Also, remeber that Panavision doesn’t “own” P2 technology. Any third party company will be able to make P2 memory cards. So, there’s no way Panavision would be able to get away with some outregeous markup.
jeremiah black
dual 2 gig G5
2.5 gigs of RAM
Decklink Extreme capture card -
Steve Connor
April 19, 2005 at 2:05 pmI think the P2 vs HDV thing is already starting to get a bit tedious. Lots and lots of uniformed comments from people who have used neither system.
As far as the 200 goes it’s all theory isn’t it? The camera doesn’t exist yet, you can’t say what the picture quality is going to be like until there are actually pictures to look at.
P2 fits a market sector, HDV fits another with some crossover in the middle. You use what format is best for the job!
Steve Connor
Cardinal HD -
Toke
April 19, 2005 at 2:15 pmYep,
RAIDing sd cards need that one RAID chip inside the card.
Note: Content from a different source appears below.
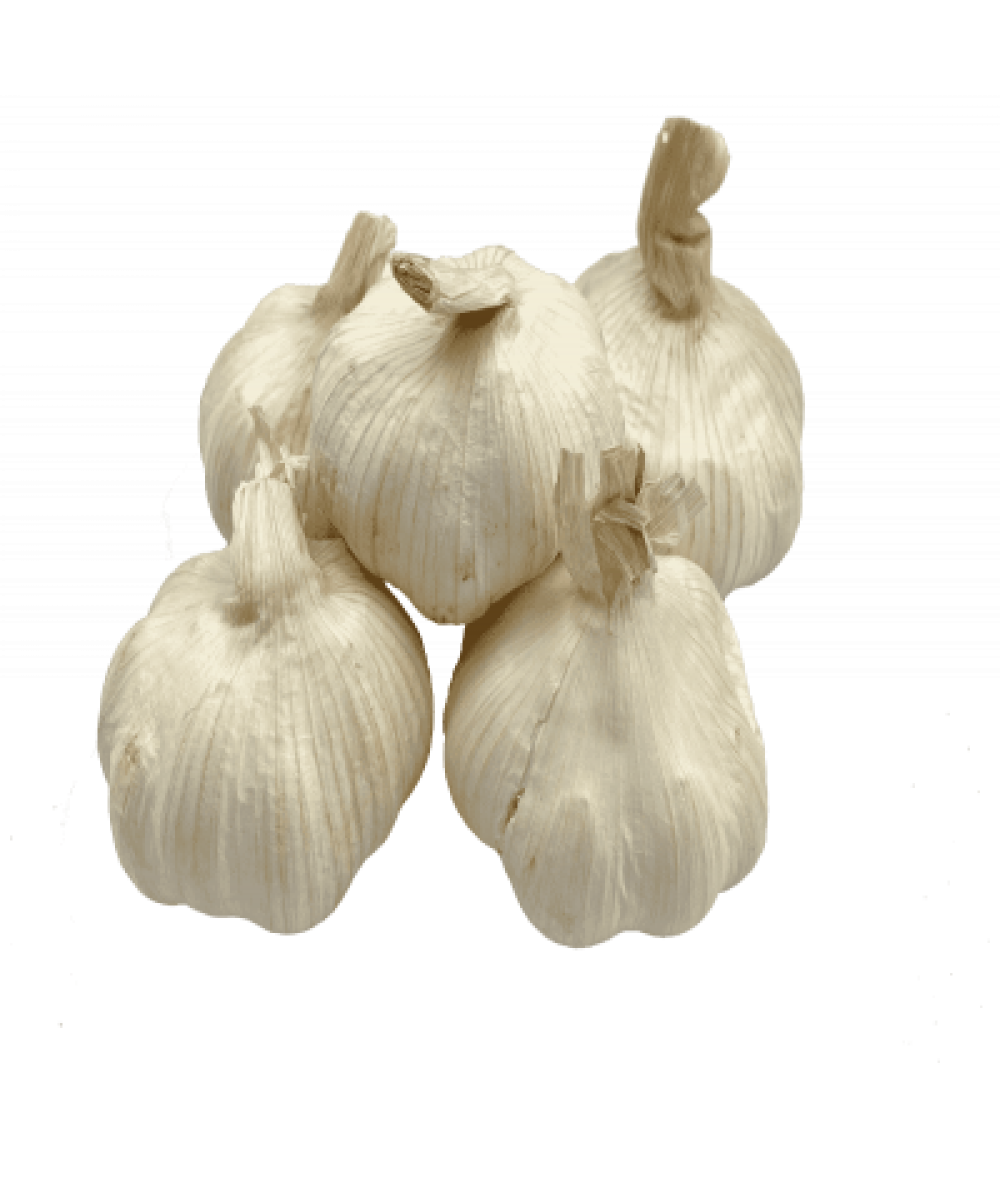 WHITE GARLIC 'BAWANG PUTIH' 500G+/-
It can’t be very expensive if you compare to RAID chips that pc motherboards have. -
Jeremiah Black
April 19, 2005 at 2:21 pmWell, let’s do a test. Why don’t you build your own P2 cards when the camera comes out and then post the results of what it costs you?
jeremiah black
dual 2 gig G5
2.5 gigs of RAM
Decklink Extreme capture card -
Dom Silverio
April 19, 2005 at 2:30 pm[Graeme Nattress] “You don’t use P2 like tape, you don’t think of P2 as tape, and you’ve just got to get rid of the tape mentality, just as digital photographers have ditched film.”
Agree. But 2 things – the initial investment alone to get a P2 workflow going is high. From dubs, client copies, archiving, media sharing, etc needs to be adjusted and more equipment are likely needed to be purchased [drives, P2 readers, etc].
To think deck is totally eliminated is also foolish. What are going to do to sent out VHS copies of your P2 cards for clients and producers? Tie up a G5 with a Decklink?
Shooting now requires a laptop and likely a seperate operator.Things like these brings us to point number 2 – workflow will change and change usually means more cost.
P2 will get cheaper and in the long run, cost is not as big one might think. However, the *initial* cost to P2 is stagerring!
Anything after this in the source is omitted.